We've all heard warnings – again, for decades – about the U.S. fiscal deficit and accumulated debt. For a long time, the warnings seemed overblown. Debt kept rising with no immediate ill effects.

People likely assumed that we'd address the deficit when we needed to.

But after the stimulus bouts in the global financial crisis and the pandemic, America's debt is now completely unsustainable.

The economy is still strong. Typically, that's when it's easier for the government to be fiscally responsible. Yet, Congress still can't get its spending down.

The new budget bill working its way through Congress will add $2.4 trillion to the U.S. debt by 2034.

Now, global markets are rejecting America's spendthrift ways.

They're selling off U.S. Treasurys because they're concerned about America's credit quality.
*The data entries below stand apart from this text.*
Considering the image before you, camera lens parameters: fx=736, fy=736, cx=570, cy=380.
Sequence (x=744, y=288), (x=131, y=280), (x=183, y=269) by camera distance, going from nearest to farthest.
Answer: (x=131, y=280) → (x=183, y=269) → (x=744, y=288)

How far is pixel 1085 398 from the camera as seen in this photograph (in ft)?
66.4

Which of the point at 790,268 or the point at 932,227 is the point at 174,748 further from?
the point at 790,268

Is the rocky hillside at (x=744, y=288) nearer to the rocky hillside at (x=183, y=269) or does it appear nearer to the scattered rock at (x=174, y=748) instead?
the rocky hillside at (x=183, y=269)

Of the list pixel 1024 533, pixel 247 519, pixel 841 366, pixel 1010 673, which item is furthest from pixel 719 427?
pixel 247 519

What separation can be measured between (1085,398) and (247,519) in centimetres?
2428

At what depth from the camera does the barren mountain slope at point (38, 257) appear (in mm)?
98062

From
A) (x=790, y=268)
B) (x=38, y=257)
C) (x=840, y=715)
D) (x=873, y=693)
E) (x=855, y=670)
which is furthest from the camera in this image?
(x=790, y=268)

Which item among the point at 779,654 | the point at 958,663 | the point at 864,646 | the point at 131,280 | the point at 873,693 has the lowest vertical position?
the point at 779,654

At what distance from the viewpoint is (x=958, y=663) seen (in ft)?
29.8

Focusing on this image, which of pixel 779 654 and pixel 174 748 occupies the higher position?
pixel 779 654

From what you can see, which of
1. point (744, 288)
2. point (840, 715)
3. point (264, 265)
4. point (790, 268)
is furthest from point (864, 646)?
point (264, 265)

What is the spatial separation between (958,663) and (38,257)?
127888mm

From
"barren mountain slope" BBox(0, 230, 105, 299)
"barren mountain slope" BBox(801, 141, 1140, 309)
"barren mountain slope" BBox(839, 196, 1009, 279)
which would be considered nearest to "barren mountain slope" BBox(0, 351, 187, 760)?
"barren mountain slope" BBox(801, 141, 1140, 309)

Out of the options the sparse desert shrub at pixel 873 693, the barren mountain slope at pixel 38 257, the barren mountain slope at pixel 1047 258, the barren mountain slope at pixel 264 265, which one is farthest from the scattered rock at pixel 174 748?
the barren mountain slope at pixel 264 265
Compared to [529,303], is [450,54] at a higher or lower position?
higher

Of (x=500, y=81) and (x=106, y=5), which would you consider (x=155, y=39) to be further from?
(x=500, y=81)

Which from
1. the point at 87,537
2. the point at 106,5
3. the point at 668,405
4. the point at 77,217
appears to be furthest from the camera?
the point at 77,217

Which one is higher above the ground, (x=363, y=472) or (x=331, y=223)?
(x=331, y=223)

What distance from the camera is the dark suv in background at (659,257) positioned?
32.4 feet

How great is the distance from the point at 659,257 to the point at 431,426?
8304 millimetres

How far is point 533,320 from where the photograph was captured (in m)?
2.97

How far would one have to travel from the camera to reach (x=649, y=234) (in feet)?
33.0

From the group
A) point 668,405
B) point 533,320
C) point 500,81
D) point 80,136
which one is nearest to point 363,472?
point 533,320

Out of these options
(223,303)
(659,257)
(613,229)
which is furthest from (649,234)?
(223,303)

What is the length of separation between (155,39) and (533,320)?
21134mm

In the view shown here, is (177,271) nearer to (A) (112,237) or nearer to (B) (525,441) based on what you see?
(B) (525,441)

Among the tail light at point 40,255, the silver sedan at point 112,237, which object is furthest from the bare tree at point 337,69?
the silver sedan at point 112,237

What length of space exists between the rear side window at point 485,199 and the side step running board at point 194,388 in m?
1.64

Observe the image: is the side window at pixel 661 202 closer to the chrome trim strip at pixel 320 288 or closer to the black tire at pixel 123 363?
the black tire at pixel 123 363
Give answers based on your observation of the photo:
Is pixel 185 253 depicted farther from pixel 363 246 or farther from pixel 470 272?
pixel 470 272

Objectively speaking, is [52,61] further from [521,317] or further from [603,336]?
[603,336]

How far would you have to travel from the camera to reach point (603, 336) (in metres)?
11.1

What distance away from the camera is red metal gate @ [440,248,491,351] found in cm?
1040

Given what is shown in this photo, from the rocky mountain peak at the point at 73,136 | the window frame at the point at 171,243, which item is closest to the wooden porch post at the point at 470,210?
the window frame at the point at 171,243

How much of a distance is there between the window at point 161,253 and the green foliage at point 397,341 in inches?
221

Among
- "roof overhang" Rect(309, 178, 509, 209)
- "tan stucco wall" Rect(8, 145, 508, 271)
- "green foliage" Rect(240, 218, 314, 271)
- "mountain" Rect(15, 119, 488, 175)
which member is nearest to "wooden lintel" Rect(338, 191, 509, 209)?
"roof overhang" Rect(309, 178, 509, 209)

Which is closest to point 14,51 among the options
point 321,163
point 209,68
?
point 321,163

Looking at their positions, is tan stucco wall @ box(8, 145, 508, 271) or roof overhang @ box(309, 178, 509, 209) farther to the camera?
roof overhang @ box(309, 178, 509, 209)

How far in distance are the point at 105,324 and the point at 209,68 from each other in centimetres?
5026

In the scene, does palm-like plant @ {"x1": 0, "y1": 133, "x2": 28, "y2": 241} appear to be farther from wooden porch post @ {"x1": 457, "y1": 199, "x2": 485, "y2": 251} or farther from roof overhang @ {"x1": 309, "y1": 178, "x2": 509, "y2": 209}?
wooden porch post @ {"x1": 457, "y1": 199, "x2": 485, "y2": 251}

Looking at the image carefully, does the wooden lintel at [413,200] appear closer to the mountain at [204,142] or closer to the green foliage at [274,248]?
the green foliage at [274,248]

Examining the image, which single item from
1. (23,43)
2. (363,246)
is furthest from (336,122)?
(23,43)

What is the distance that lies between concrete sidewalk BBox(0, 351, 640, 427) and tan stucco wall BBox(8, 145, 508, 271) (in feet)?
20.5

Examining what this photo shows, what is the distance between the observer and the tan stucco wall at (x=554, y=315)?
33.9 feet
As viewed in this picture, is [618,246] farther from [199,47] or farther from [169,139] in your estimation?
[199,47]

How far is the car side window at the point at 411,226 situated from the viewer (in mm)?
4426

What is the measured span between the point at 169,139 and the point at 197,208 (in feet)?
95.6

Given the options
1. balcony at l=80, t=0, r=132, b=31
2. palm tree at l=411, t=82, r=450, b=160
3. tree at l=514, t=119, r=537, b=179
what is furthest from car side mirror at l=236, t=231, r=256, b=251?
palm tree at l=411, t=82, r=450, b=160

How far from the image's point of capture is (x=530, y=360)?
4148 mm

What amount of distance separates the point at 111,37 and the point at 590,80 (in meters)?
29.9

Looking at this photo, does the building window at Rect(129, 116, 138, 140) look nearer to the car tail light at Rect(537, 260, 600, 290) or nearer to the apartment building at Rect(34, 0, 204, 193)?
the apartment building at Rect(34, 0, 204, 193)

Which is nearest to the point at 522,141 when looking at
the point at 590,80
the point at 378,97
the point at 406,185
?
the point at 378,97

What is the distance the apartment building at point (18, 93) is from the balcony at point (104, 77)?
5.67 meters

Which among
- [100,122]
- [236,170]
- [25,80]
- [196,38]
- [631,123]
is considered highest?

The yield on the 30-year Treasury bond – the benchmark for long-term interest rates – has risen from 4% in September to around 4.9% today... matching levels seen in the great financial crisis.

Here's what's more concerning...

Typically, higher interest rates mean a rising dollar. If you can earn more in U.S. bonds, global investors will convert their currency to U.S. dollars so they can buy U.S. Treasurys to earn the higher yield. That drives the value of the dollar up.

But that relationship has broken down...

Put simply, bond yields are rising because investors don't trust U.S. bonds... And the higher yields aren't attracting inflows to the dollar as they usually do.

The dollar's decline, in turn, is driving gold higher... both mechanically and on a demand basis.

Let's start with the mechanical relationship. By that, I mean that anything priced in a currency also reflects the shifting value of that currency.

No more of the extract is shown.